In other words, without irrational numbers, one will be left with ‘gaps’ in the line. There will be places on the line at which, if you were to point a tiny, tiny finger, there would be no corresponding number. The reason this is the case has to do, once again, with the incommensurability of the irrational numbers with the rational numbers. As we saw above, we know that no ratio of rational numbers can ever equate to an irrational number. Irrational numbers are sui generis, a different species of number. We had to invent the irrationals precisely in order to overcome the problem of measuring the hypotenuse of a right-angled isosceles triangle, which cannot be done with rationals alone. This means, however, that if we laid out the length of the hypotenuse on a number line, no number would correspond to it on the line!

 

The length of the hypotenuse (√2) falls 'in between' 1 and 2 - as well as any possible rational number.

 

Or, to put it as Bertrand Russell did: “No fraction will express exactly the length of the diagonal of a square whose side is one inch … where √2 ought to be, there is nothing”. As such, in order to render Number adequate to populating a line such that it will ‘fill it’, it is necessary to introduce the concept of the infinite. In Deleuze’s own words: “only the irrational number founds the necessity of an infinite series”. And moreover, “infinite series can exactly only be said to exist when the development cannot occur in another form”. In other words, the invention of infinity responds to the problem of densely populating the distance between any two points.

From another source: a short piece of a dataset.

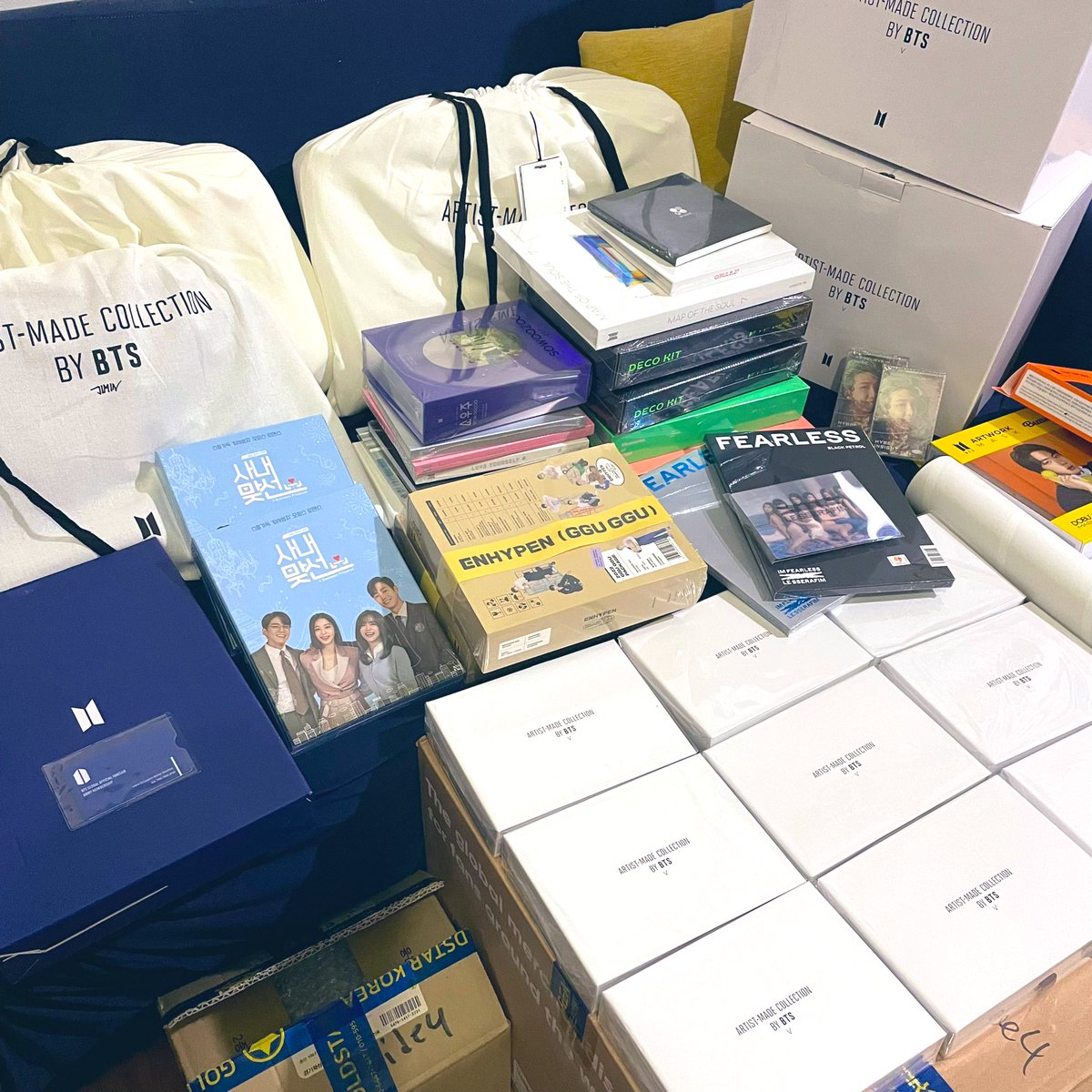 bsidemarket's tweet photo. box 11&12 arrived π€
includes: mostly artist merch (2nd PO released May 2022) + other pasabuys
shipped out some of the items already via SDD
thank u for your patience! π«Άπ»π₯Ή #bside_updates https://t.co/XWIDCy9Zj1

In order to properly understand this sense of ‘necessity’, it is useful to contrast this against what Deleuze calls the mere ‘possibility’ of formulating a concept of infinity. For most people, the concept of infinity is simply something ‘very large’, or that ‘goes on forever’. If we add, for instance, 1 + 2 + 3 … one might think this would be enough to furnish us with a concept of infinity. However, Deleuze, following Leibniz, distinguishes between what is merely an ‘indefinite sequence’ from an ‘infinite sequence’. And from this he notes that while there is always the possibility of forming an infinite sequence with rational numbers, it is only the introduction of irrationals that makes infinity something that “cannot be developed otherwise”. Infinity is a necessary response to the problem of the irrationals. The infinity that corresponds to the mere possibility of introducing it, is, on the other hand, a ‘false infinite’, or ‘bad infinite’, to use Hegel’s famous term.

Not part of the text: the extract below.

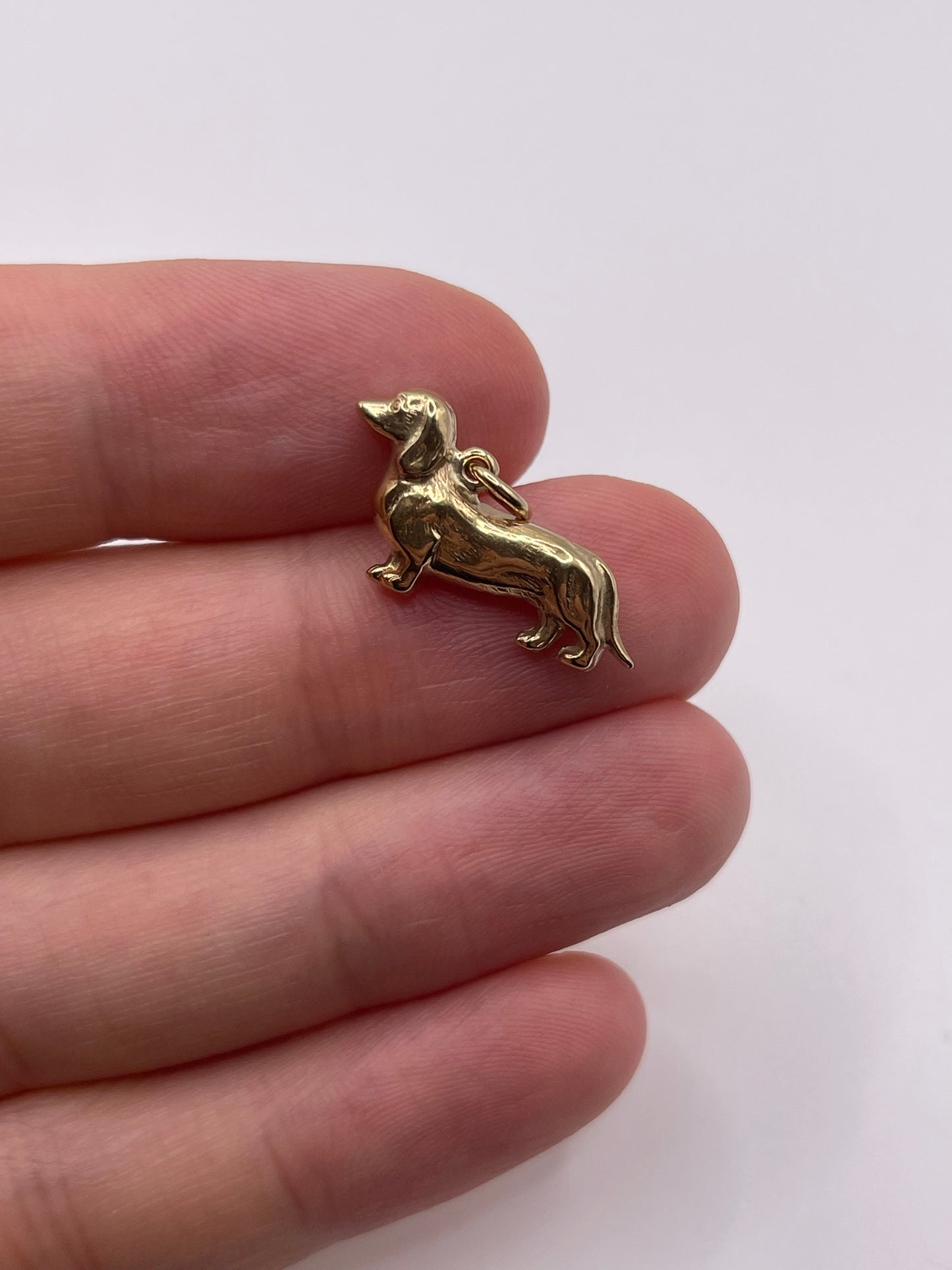 9ct gold dachshund charm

§3.1: Unconcluding Non-Scientific Mid-Script

This is only part I of a two-part post, but, by way of anticipation, I'll simply note the the next part of this will deal with infinitesimals, infinity (again, but this time we'll solve Zeno's paradoxes!), as well as zero and negative numbers.

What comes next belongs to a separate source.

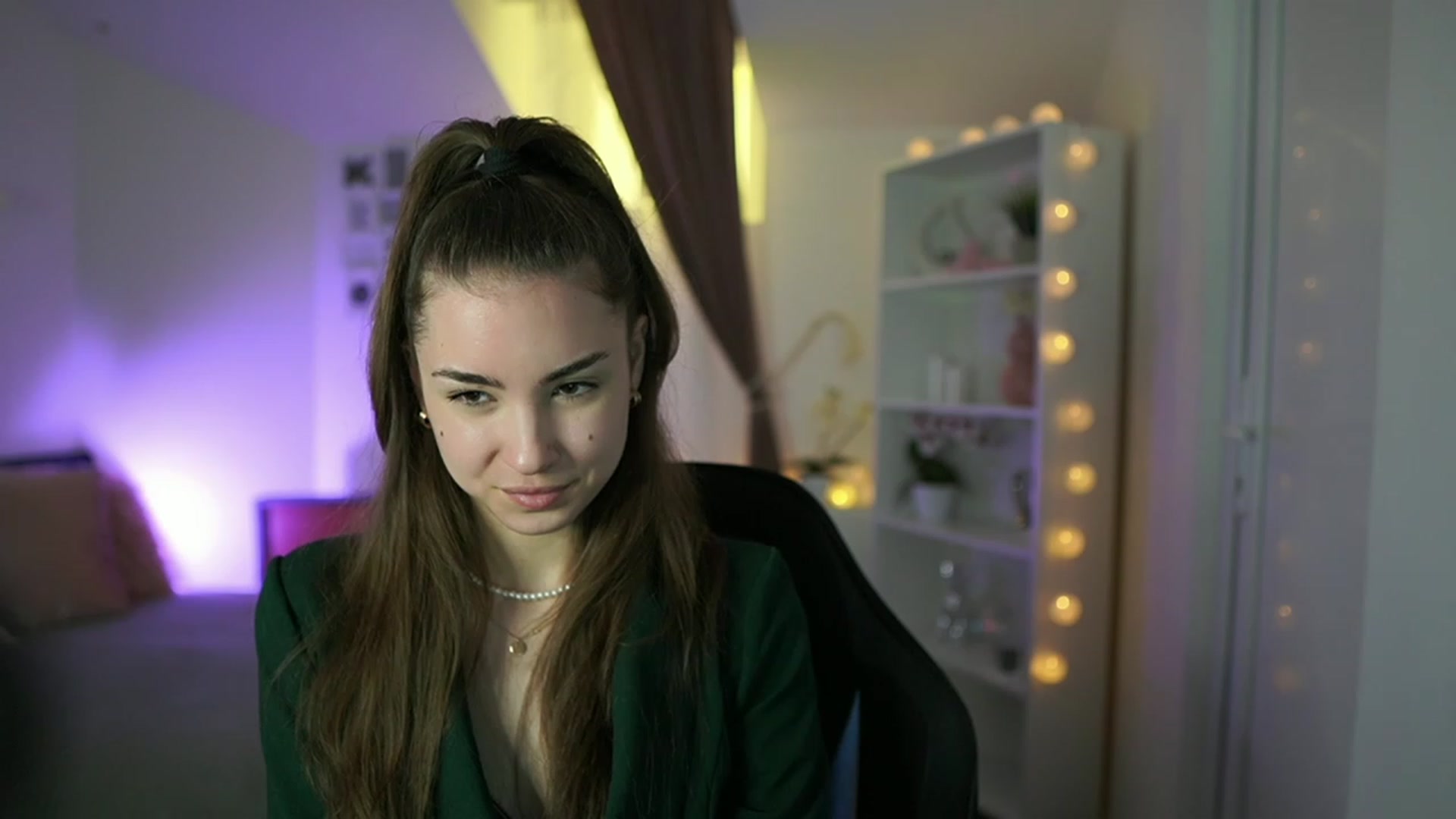 Gallery image thumbnail from Shy_jane's myfreecams stream on, 03/29/2023, 16:52 image 15 of 20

For now, we can stop half-way by way by asking how all of the above might deal with the age-old question: is math invented or discovered? Well, first, this isn't about Deleuze's philosophy of math per se: this is about his philosophy of number. And math, for Deleuze, is broader than number. There's more to say about this, but not here. Nonetheless, the philosophy of number offers a window into the philosophy of math. And, if Deleuze's understanding of number is correct, this question - invention or discovery? - is misplaced. Or rather, this question papers over another, more subject-appropriate one: is math necessary or arbitrary? For Deleuze, for answer lies with necessity: but a necessity that calls for creation, invention, in a way that cannot be otherwise. Number, like everything else in Deleuze's philosophy, responds to the "claws of absolute necessity" (DR 139), which result from the encounters to which it is subject.